Ottilie has a slight coolness to it, so the whole job is about warming that up rather than fighting it. The mistake people make is pairing it with brilliant white woodwork — that turns Ottilie grey and lifeless. Go warm instead.
For adjacent woodwork and ceilings, Farrow & Ball Au Lait (LRV 80) is your safest bet — a creamy, milky off-white that lets Ottilie breathe without going stark. Paper III from Paint & Paper Library (LRV 75.3) does the same job a touch cooler if you want a little more crispness while staying off the harsh end. Either of these on the trim will keep the whole scheme soft and considered.
For depth and contrast, layer in clay-pinks and warm earth tones. Mylands Cigar BH.20 (LRV 11.8) is a gorgeous deep grounding shade — think tobacco-brown, lovely on a lower wall, a study, or cabinetry where you want Ottilie to feel anchored rather than floaty.
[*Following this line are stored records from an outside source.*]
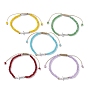 Tibetan Style Alloy Cross Link Bracelet, Glass Braided Bead Adjustable Bracelet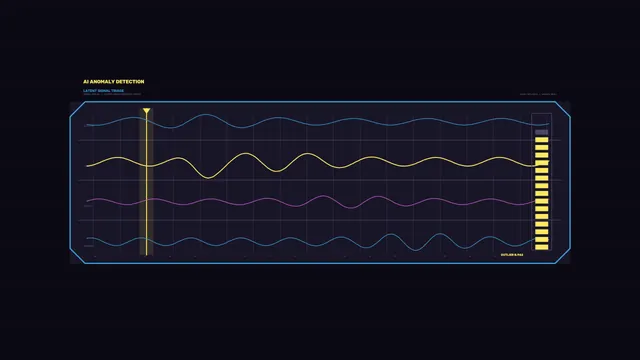 Futuristic Telemetry Waveform HUD with Anomaly Marker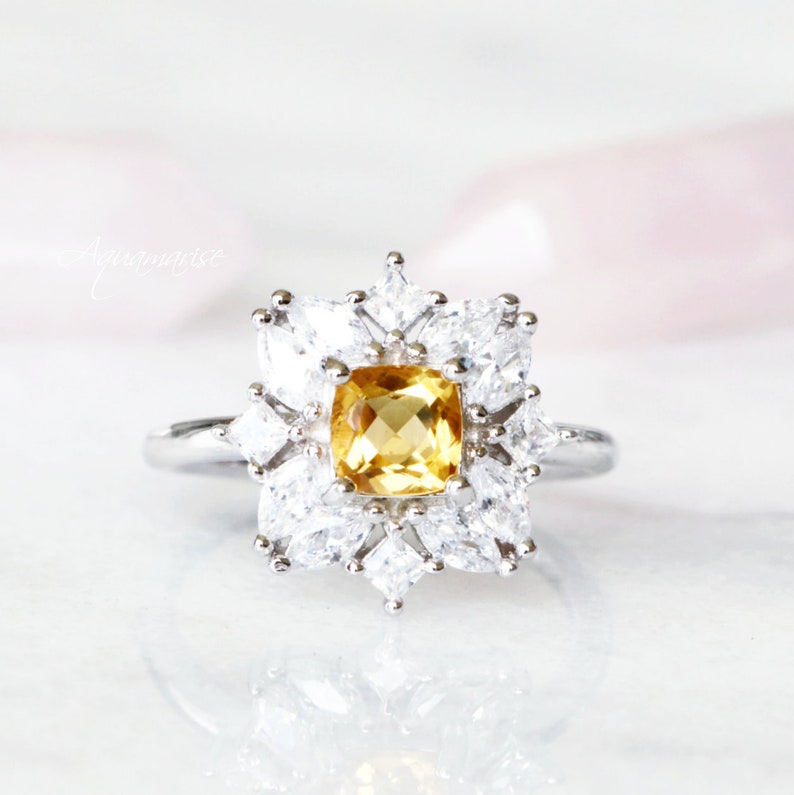 Gift ForHer Anniversary Birthday Gift Engagement Ring Promise Ring November Birthstone Sterling Silver Ring Floral Natural Citrine Ring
And if you fancy a bolder accent, Dulux Fuchsia Falls 2 (LRV 29.8) pulls out the warmer rosy undertone and gives the scheme a bit of life — good for a single piece of joinery or a feature wall rather than the whole room.
The other thing that genuinely matters here: metals. Antique brass and aged bronze warm Ottilie and make it sing. Chrome, nickel and anything silvery does the opposite — it pushes the colour towards grey. So pick brass handles, bronze taps, aged hardware. Same goes for old oak — Ottilie loves natural timber tones beside it.
Practically: paint a decent-sized sample board, prop it against your intended white, and check it morning and evening. Ottilie's coolness shows itself more in north light, so if you're in a cooler room lean harder into the warm off-whites and the brass to balance it out. Get those two things right and it's a cracking colour.